The share market climbed off a six-week low after northern-hemisphere markets rebounded from last week’s plunge.
The S&P/ASX 200 rallied 41 points or 0.57 percent by mid-session. With three hours left to trade, the index was on track for a monthly loss of around 2.8 percent.
Resource stocks led the advance after a pullback in the US dollar aided commodity prices. Harvey Norman and Adbri sagged as the interim reporting season drew to a close.
What’s driving the market
Aussie shares joined a regional rebound following overnight gains in US and European stocks. The S&P 500 bounced 0.31 percent from its worst week of the year. The pan-European Stoxx 600 gained 1.07 percent.
Up in Asia, the Asia Dow put on 0.46 percent, China’s Shanghai Composite 0.4 percent, Hong Kong’s Hang Seng 0.79 percent and Japan’s Nikkei 0.44 percent.
Today’s recovery comes at the end of a challenging month during which a run of stronger-than-expected inflation and economic data forced investors to reassess the likely top of this rates cycle. Equity markets were coming off an exceptionally strong start to the year.
February “will go down in history as the month where the market pulled back to digest a very strong rally you saw at the end of December into most of January,” Adam Sarhan, CEO of 50 Park Investments, told CNBC. “This is a pullback month, it’s a rest month, and that’s good as long as support is defended and support holds, which is last week’s low.”
Worries about an unexpected collapse in retail sales at the end of last year were salved by news of a rebound last month. Total retail turnover increased 1.9 percent, reversing some of a 4 percent slump the previous month. Economists anticipated a smaller recovery of 1.5 percent.
“Looking through this volatility shows that turnover is at a similar level to September 2022, and on average, growth has been flat over the past few months,” Ben Dorber, ABS head of retail statistics, said.
Going up
Mining stocks rebounded with US dollar-denominated metal prices after the greenback pulled back from a seven-week peak.

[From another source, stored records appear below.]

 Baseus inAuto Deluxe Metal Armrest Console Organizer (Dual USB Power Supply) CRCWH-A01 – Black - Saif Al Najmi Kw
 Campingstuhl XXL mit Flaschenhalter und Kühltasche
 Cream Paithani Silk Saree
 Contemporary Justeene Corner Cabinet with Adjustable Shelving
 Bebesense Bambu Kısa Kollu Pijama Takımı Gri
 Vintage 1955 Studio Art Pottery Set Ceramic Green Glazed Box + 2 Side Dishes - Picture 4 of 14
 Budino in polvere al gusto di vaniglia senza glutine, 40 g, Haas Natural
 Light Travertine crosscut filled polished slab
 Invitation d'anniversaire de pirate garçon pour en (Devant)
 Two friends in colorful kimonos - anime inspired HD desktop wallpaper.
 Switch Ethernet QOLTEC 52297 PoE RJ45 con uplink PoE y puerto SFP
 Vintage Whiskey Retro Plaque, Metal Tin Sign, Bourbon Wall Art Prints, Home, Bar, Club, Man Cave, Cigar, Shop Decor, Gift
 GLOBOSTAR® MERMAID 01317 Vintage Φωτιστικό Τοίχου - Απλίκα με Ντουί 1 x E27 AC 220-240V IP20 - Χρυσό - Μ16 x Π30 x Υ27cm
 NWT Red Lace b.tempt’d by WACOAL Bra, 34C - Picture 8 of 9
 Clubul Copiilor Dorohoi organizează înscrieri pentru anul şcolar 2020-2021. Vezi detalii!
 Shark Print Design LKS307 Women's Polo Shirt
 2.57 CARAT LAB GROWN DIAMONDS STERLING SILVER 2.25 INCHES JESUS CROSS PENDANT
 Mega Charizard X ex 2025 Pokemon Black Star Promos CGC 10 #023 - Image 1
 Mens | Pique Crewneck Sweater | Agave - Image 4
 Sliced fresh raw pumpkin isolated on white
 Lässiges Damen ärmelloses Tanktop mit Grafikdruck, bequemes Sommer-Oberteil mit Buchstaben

Gold rallied overnight for the first time in six sessions. Copper, nickel and aluminium rose on the London Metal Exchange.
De Grey rallied 5.41 percent. West African Resources gained 4 percent. Capricorn Metals added 3.88 percent.
Among the heavyweights, Fortescue Metals put on 2.62 percent, Newcrest 1.33 percent and Rio Tinto 1.23 percent,. BHP added 0.99 percent.
Record production at Indonesia-focussed Nickel Industries lifted full-year revenues 88.4 percent to US$1.207 billion. Profit expanded 15.3 percent to US$159 million. The share price rallied 2.86 percent.
Payments firm Tyro edged up 0.92 percent after posting its first profitable result as a listed company. The company reported a first-half statutory net profit of $1.1 million and positive free cash flow of $0.6 million.
Mesoblast firmed 4.84 percent after paring its half-year loss to $41 million from $48.5 million in the prior corresponding period. The biotech had $67.6 million in cash at the end of December.
Going down
Harvey Norman sank 10.82 percent after warning of a 10.2 percent sales decline at its Australian franchises last month compared to the same period last year. First-half net profit eased to $365.9 million from $430.9 million in the prior corresponding period.
Adbri dropped 6.52 percent after scrapping its final dividend and warning costs headwinds will persist this year. The construction materials producer reported a fall in first-half profit to $102.5 million from $116.7 million in the prior corresponding period.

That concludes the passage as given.